Dün akşam tam gazeteye yazıyı gönderip arkama yaslanmıştım ki, telefon ekranına düşen bir son dakika haberiyle tekrar doğruldum. Yazıyı yenilemeye koyuldum.
Flaş haberde, ABD Büyükelçiliği'nin Türkiye'den yapılan vize başvurularını süresiz durdurduğu yazıyordu!
Kararın gerekçesinde ise şu ifadelere yer veriyordu:
"Son zamanlarda yaşanan olaylar, ABD Hükümeti'ni, Türkiye Cumhuriyeti Hükümeti'nin ABD misyonunun tesisleri ve personelinin güvenliğine ilişkin taahhütlerini yeniden değerlendirmek zorunda bırakmıştır. Söz konusu değerlendirme sürecinde, Büyükelçiliğimiz ve Konsolosluklarımıza gelen ziyaretçi sayısını en aza indirgemek amacıyla, şu andan itibaren geçerli olmak üzere, Türkiye'deki tüm ABD diplomatik misyonlarındaki göçmen olmayan vize hizmetleri askıya alınmıştır."
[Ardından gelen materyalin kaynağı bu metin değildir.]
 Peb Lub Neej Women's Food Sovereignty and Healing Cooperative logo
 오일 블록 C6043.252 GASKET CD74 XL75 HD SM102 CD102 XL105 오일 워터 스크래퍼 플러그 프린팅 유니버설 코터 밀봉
Evet, rest, daha "derin ve zamana yayılmış bir kaygıyı" ifade ediyor.
Türkiye'nin son zamanlarda Rusya ve İran gibi bölge ülkelerinin yanı sıra Çin, Afrika ve Latin Amerika ile ABD'nin onayını almadan geliştirdiği ilişkiler...
Rusya'dan alınan s400 hava savunma sistemleri...
Ve Ankara'nın, Afrin odaklı İdlib "operasyonu" gibi ABD'nin Suriye'de devre dışı kaldığı gelişmeler...
Kısacası ABD'nin Ortadoğu'da etkisizleşmesine neden olan Pentagon'dan bağımsız ulusal politikalarımızın tümü.
İşte ABD, son vize kararıyla bir uyarı sinyali de Türkiye için gönderiyor.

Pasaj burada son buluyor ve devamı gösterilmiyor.